Vijfenzestig jaar geleden! Jef Van Duyvenbode en ik, we zaten samen in dezelfde klas, het zesde middelbaar. Bij ons zat ook Vera Candaele, met voorsprong het mooiste meisje van de klas. Jef en ik
waren allebei smoorverliefd op Vera en we schreven gedichtjes voor haar: ik slechts één, Jef ongetwijfeld meerdere. Zij koos voor Jef en later heb ik vernomen dat Jef en Vera een getrouwd koppel geworden zijn.
Háár heb ik niet meer teruggezien. Jef een keer of vier, tijdens alumnivergaderingen van de universiteit. Ik heb nooit nagelaten te vragen hoe het met Vera ging en of hij haar mijn groeten wilde overbrengen.
Zij woonden in Mannekensvere, een deelgemeente van Middelkerke. Over Vera praatte hij met mij niet graag, dat was duidelijk. Ik had het gevoel dat hij in mij nog steeds een rivaal zag. Ik zocht en vond in de telefoongids het
adres van het echtpaar Van Duyvenbode-Candaele en ik heb meermaals een kaartje gestuurd met Nieuwjaar, en niet iedere keer eentje teruggekregen.

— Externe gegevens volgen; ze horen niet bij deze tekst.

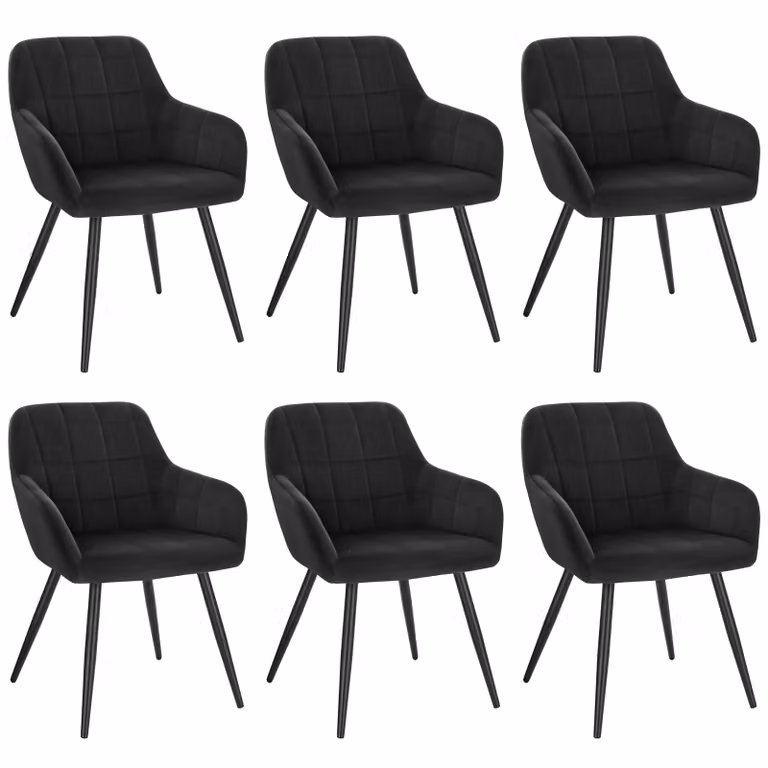 WOLTU Set di 6 sedie da pranzo Sedia da cucina Sedia imbottita Sedia di design con braccioli, con seduta in velluto, struttura in metallo, nero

´t Is nu al een jaar of tien geleden dat ik Jef voor het laatst gezien heb. Uit goed ingelichte bron verneem ik dat hij en zijn vrouw nog steeds op hetzelfde adres wonen en in goede gezondheid
zijn. Bij een recente opruimactie heb ik een oud, vergeeld notitieboekje gevonden met geboortedata, ook die van Vera: vorige week is ze drieëntachtig geworden. Ik heb mij verstout haar aan kaartje te sturen met gelukwensen
en daarbij een gedichtje....
Vera Canipopoulos
(vrije bewerking van het gedicht Vera Janacopoulos van Jan Engelman)
Veralief, wat doet gij mij toch aan?
uw tepelveld is volle maan
mijn wangen gaan weer blozen
ik gaf u gaarn in davondstond
een zoentje op uw zwoele mond
met scheerschuim en met rozen
ik zie het met mijn ogen dicht
van binnen brandt bij u een licht
ik zit op hete kolen
laat nu maar de gitaren los
en alle vogels in het bos
k lap alles aan mijn zolen
Ik kreeg geen bedankje voor de verjaardagskaart, wel een reactie van Jef op mijn gedicht, in mijn mailbox:
Hoe ouder de bok hoe geiler... Vera beschouwt uw ontboezeming als ongewenste intimiteit. Ik sta verstomd dat zulke dingen in u opkomen.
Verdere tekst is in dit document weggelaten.